Um outro grupo de empreendedores recorre aos carros fechados e abertos para vender ovos, frangos, batata, feijão, amendoim, entre outros produtos agrícolas e pecuários colhidos em hortas e quintas localizadas na chamada cintura verde de Maputo.

 

O que torna o negócio de refeições próspero é o facto de não estar propenso à concessão de créditos, ou seja, salvo raras excepções, os comerciantes entregam um prato de comida por empréstimo, o que lhes garante retornos imediatos, o que já não acontece em relação aos que se dedicam à venda de perfumes, calçado, roupa e charcutaria que deixam o produto ser “devorado” pelo cliente e só ao final do mês é que recebem o que lhes é devido.

 

Cantinas motorizadas

Se nas cidades de Maputo e Matola as viaturas são usadas para a venda de comida pronta a servir em áreas bem definidas, nos distritos a coisa é bem diferente. Por lá, os comerciantes empreendem viagens de pelo menos 15 dias à cata de clientes que podem ser grossistas ou retalhistas.

Recentemente circunvagamos pelo interior da província de Inhambane, tendo como base a vila de Nova Mambone, sede do distrito de Govuro, onde demos de caras com camionetas carregadas de produtos de primeira necessidade, loiça e capulanas que atraiam dezenas de homens e mulheres.

Banhados de curiosidade, aproximámo-nos duma camioneta delas mas, o seu proprietário deu a entender que não percebia mais do que um simples “bom dia”. Puxamos pela língua local, o tswa ou xitswa mas, o homenzinho teimava em não soltar a língua. Ensaiamos uma saudação com o sorriso “de orelha a orelha” contando que o atrairíamos à conversa, nada.

Porque aquela cena já estava a tornar-se engraçada, balbuciamos umas palavrinhas em inglês e, mesmo assim, ouvimos silêncio, pelo que mudamos de estratégia e juntamo-nos ao grupo que pegava neste copo, naquele jarro, chaleira, termo, bule, chávena, jogo de facas, colheres e garfos para só para ver como é que aquele “mudo” circunstancial fazia o negócio.

 

Passados alguns minutos, escolhemos um jogo de taças e quisemos saber quanto pagaríamos por elas e o comerciante, gesticulando, orientou-nos a falar com o empregado. “Ele é zimbabwiano e acho que não gostou da vossa presença, porque percebeu que vocês são jornalistas”, disse.
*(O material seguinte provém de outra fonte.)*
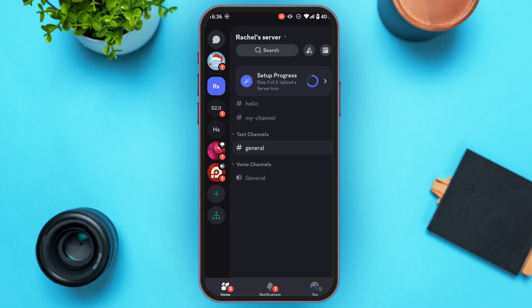In this interface, at the bottom you'll be able to find three options: Home, Notifications, and You. Simply tap on the You option that you can see at the bottom right corner of your screen.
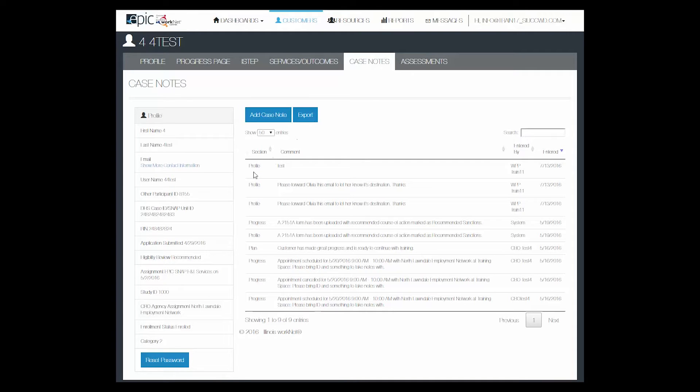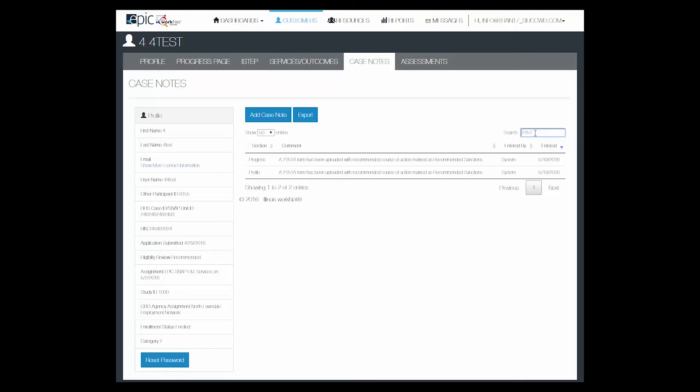You can find them in a list or you can search for them by a word that is included in the case note.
Apesar de contrariado, o jovem empregado afirmou que os produtos expostos naquela camioneta eram adquiridos nas cidades da Beira e Maputo mas, a mini-empresa está sediada nos distritos de Mabote e Vilanculo, em Inhambane, de onde parte para vários destinos desta mesma província. “Fazemos este negócio há cerca de dois anos e viajamos até ao rio Save com paragens em Maluvane, Inhassoro, entre outros aglomerados populacionais”.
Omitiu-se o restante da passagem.